*Data for this task*

◇ ◇ ◇ ◇

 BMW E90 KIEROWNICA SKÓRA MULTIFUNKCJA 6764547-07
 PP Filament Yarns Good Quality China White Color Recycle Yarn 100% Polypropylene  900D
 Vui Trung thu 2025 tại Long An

◇ ◇ ◇ ◇

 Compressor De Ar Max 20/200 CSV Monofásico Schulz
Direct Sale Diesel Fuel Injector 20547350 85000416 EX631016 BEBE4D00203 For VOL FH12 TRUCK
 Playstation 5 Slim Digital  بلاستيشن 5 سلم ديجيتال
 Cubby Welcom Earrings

◇ ◇ ◇ ◇

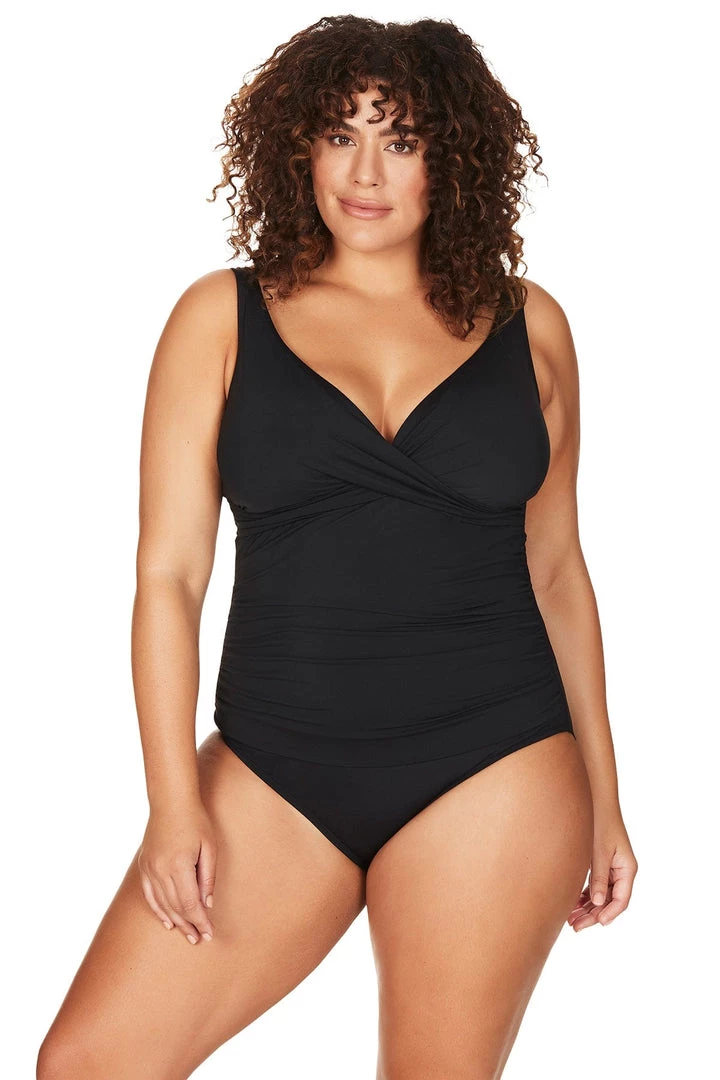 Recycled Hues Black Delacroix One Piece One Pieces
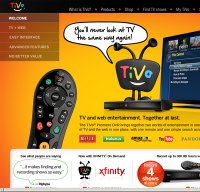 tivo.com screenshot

◇ ◇ ◇ ◇

*Exercise details*
Within the listing above, the range opens at the line with "BMW E90 KIEROWNICA" and closes at the line with "Vui Trung thu 2025 tại Long An". Reproduce exactly the lines of that range, including both ends.

*Task result*
 BMW E90 KIEROWNICA SKÓRA MULTIFUNKCJA 6764547-07
 PP Filament Yarns Good Quality China White Color Recycle Yarn 100% Polypropylene  900D
 Vui Trung thu 2025 tại Long An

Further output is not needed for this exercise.